'Protect me from yourself ' SARS IT boss heads to the CCMA
14 April 2019
South African Revenue Service (SARS) IT head Mmamathe Makhekhe-Mokhuane, of "Protect me from yourself" fame, has approached the Commission for Conciliation, Mediation and Arbitration (CCMA), claiming she is being bullied to resign from the tax body.
In a CCMA dispute submission form, seen by News24, Makhekhe-Mokhuane states that: "I am currently being bullied to accept a separation without any charges being put against me.
"The employer has placed me on discretionary leave since the 14th of January when I was due to come back to work.
"The employer sent me back home saying I must reflect on a mutual separation. Since then I have not been informed what is the basis of a mutual separation. If I don't accept the separation, I would face a disciplinary action.
"Therefore, the employer has already concluded that I cannot be permitted to return to work as per his numerous letters in this regard," she alleged.
'Amicable mutual separation'
Sources close to Makhekhe-Mokhuane said the tax body offered her a four-month settlement to step down, which she refused.
News24 understands that she indicated that she wants to go back to work and that she will fight to keep her job.
Makhekhe-Mokhuane has been at home on "discretionary leave" since October last year.
She claims she does not know whether she has been placed on suspension, pending the institution of a disciplinary inquiry against her.
When News24 approached SARS for comment, the tax body said: "Kindly note that according to SARS' HR policies and practices, internal processes and information related to its employees [are] deemed confidential between the organisation and its employees and are thus not discussed or divulged in the public domain."
News24 has seen a letter that her lawyers addressed to acting commissioner Mark Kingon.
In the letter, Makhekhe-Mokhuane asked if she had been suspended or if she was investigated for any wrongdoing.

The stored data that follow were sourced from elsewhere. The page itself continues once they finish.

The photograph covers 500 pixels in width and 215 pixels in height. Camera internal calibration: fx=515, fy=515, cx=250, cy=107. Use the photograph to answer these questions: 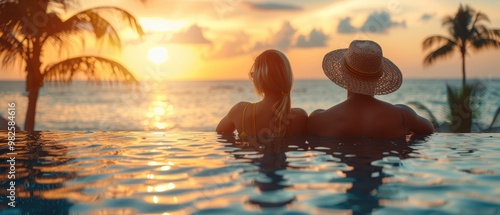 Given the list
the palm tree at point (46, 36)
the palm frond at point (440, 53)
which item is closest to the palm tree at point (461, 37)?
the palm frond at point (440, 53)

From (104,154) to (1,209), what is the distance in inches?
75.4

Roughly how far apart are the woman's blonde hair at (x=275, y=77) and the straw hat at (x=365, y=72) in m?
0.59

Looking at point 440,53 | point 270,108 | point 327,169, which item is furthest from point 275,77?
point 440,53

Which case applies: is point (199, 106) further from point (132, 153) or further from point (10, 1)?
point (132, 153)

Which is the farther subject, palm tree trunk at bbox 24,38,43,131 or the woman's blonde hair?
palm tree trunk at bbox 24,38,43,131

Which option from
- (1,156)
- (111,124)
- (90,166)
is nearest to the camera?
(90,166)

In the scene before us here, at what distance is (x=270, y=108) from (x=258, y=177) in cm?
195

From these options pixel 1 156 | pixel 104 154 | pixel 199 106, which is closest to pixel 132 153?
pixel 104 154

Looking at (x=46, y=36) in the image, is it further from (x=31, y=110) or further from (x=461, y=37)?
(x=461, y=37)

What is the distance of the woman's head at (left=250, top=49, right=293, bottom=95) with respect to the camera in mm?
5020

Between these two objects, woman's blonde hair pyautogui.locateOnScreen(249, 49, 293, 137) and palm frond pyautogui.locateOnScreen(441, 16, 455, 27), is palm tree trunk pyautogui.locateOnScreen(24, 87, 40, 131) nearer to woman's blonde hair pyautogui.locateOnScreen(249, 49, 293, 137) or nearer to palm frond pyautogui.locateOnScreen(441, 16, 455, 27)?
woman's blonde hair pyautogui.locateOnScreen(249, 49, 293, 137)

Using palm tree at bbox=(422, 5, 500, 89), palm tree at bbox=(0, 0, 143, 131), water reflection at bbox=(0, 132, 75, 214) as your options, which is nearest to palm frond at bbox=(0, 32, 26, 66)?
palm tree at bbox=(0, 0, 143, 131)

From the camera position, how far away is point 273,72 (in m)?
5.02

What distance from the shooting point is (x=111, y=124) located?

Kingon recently responded saying he requested her to take leave to consider discussion about an "amicable mutual separation" and that SARS could not permit her to return to work.
"Should the parties not agree to a mutual separation, SARS will serve your client with a disciplinary charge sheet and will proceed with a disciplinary hearing," he wrote in his response.
"Consequently, SARS rejects your client's offer to return to work. She is requested (and if she refuses to comply with the request, she is instructed to remain on leave, pending the conclusion and outcome of the mutual separation discussion or the disciplinary proceedings."
He also said employees at digital information services and technology objected to Makhekhe-Mokhuane returning to work because of the "reputational damage to SARS and the professional damage suffered by them because of the performance in the interview".
In October last year, South Africans reacted with outrage and disbelief after a video of Makhekhe-Mokhuane, speaking to Sakina Kamwendo on Morning Live, went viral.
At one point, Kamwendo asked what needed to be done to fix the tax body's IT infrastructure. Makhekhe-Mokhuane responded: "Ma'am, can you give me protection from yourself?" Kamwendo and others in the studio are heard laughing at her comment.
City Press also reported on perplexing comments she made when addressing the Nugent commission of inquiry into the tax service in October last year.
When offered the chance to inspect minutes apparently showing that she had not attended many SARS meetings, she reportedly responded: "I have a very rare eye disease, but let's try."
The newspaper also reported that when she was asked to give clarity on what she said in her affidavit, confusion ensued when she cited the date on which the Drakensberg Boys' Choir was established and later dropped the analogy.
In a letter to Kingon, Makhekhe-Mokhuane's lawyer Moeketsi Thebe Raselo from MT Raselo Incorporated, said that when his client appeared on Morning Live, she was asked questions about things of which she had no knowledge of and/or was not part of what should have been discussed with her.
"Simply put, our client was ambushed with questions she could not properly reflect upon and was expected to provide answers on the said spot.
"It is evident that given the fact that the programme was live, our client was placed in an awkward position as she was expected to answer the aforesaid questions."
Raselo said when Makhekhe-Mokhuane appeared before the Nugent inquiry, she was "surprised" to be asked about various meetings that she had allegedly failed to attend.
The lawyer accused the Nugent inquiry of seeking to portray his client as an "incompetent leader".